** WORK TO BE COMPLETED **
Repeat the records exactly, minus the pictures.

*** Opening INPUT MATERIAL ***

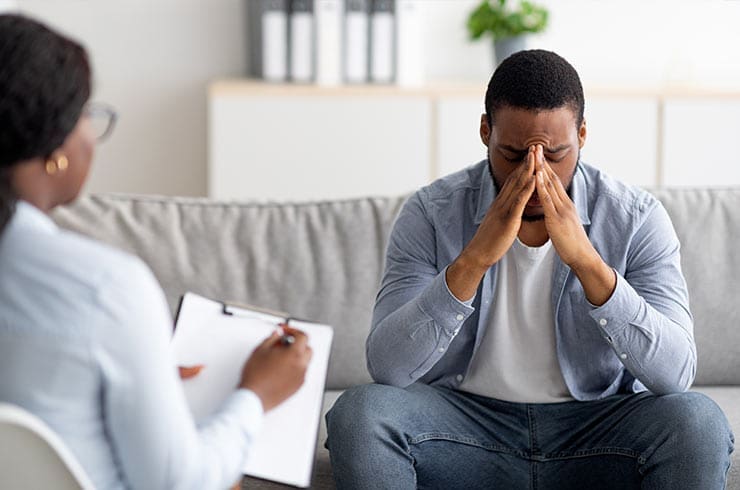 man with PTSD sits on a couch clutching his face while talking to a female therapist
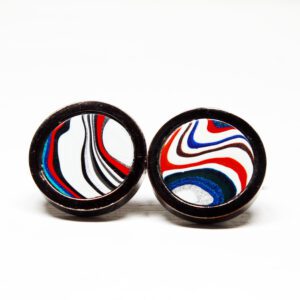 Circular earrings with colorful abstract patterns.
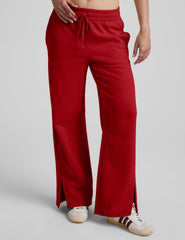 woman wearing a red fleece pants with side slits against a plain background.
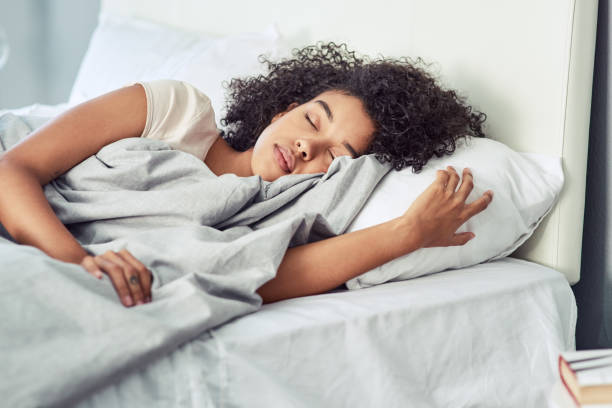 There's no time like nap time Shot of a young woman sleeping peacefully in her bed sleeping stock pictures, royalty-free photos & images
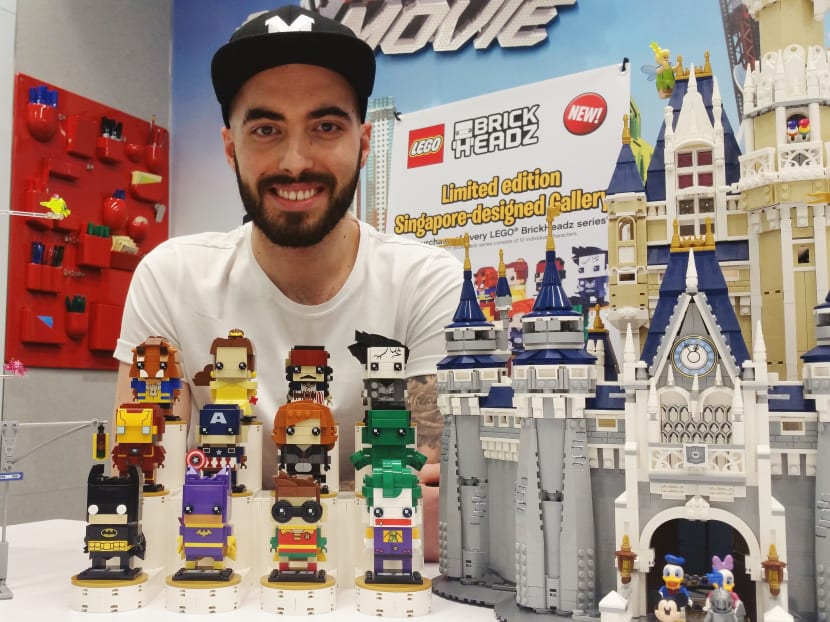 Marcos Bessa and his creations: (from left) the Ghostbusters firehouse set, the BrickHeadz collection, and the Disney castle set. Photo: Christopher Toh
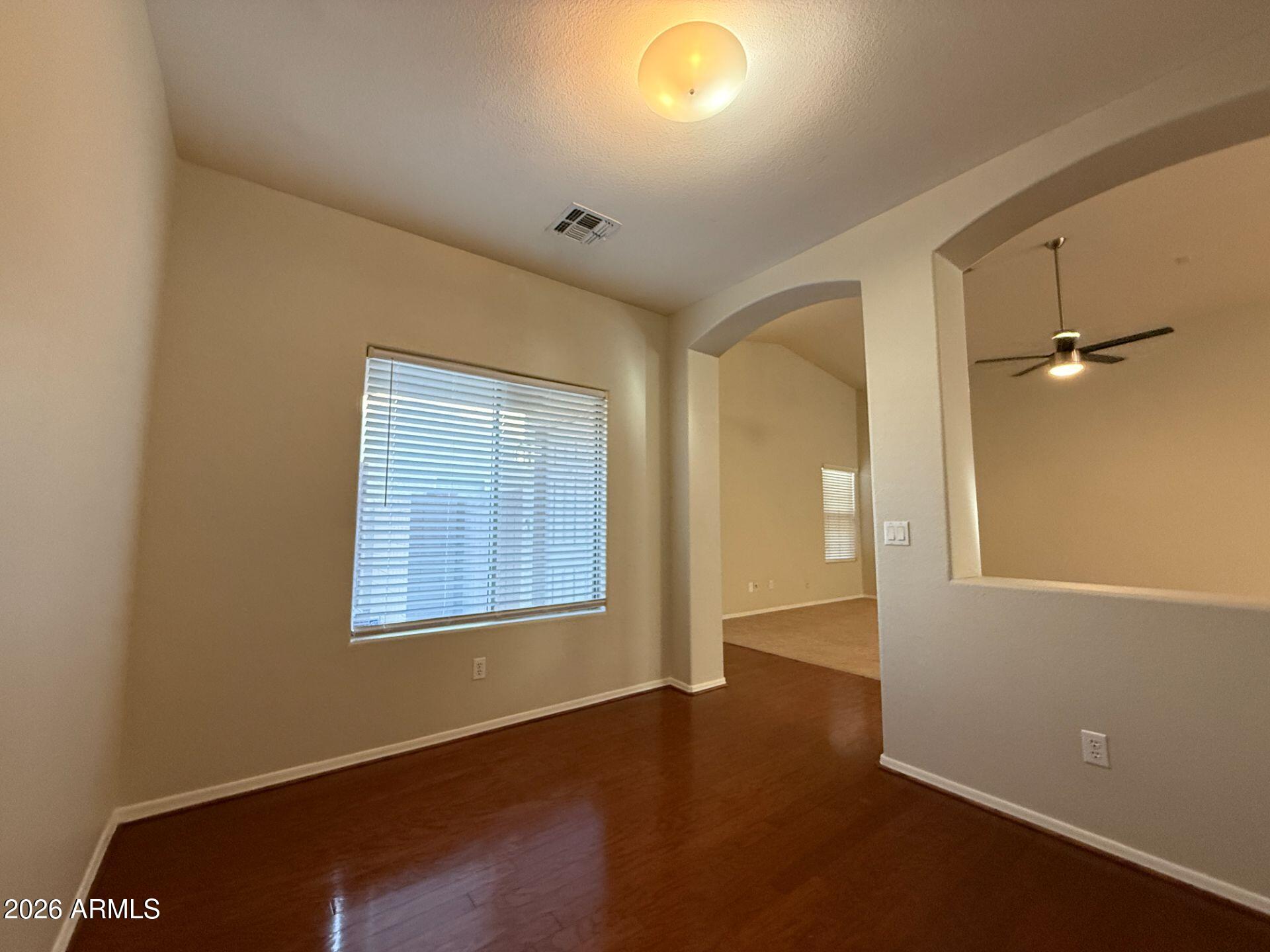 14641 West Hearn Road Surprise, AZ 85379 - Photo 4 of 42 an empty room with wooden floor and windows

*** Closing INPUT MATERIAL ***

** WRITTEN RESPONSE **
 man with PTSD sits on a couch clutching his face while talking to a female therapist
 Circular earrings with colorful abstract patterns.
 woman wearing a red fleece pants with side slits against a plain background.
 There's no time like nap time Shot of a young woman sleeping peacefully in her bed sleeping stock pictures, royalty-free photos & images
 Marcos Bessa and his creations: (from left) the Ghostbusters firehouse set, the BrickHeadz collection, and the Disney castle set. Photo: Christopher Toh
 14641 West Hearn Road Surprise, AZ 85379 - Photo 4 of 42 an empty room with wooden floor and windows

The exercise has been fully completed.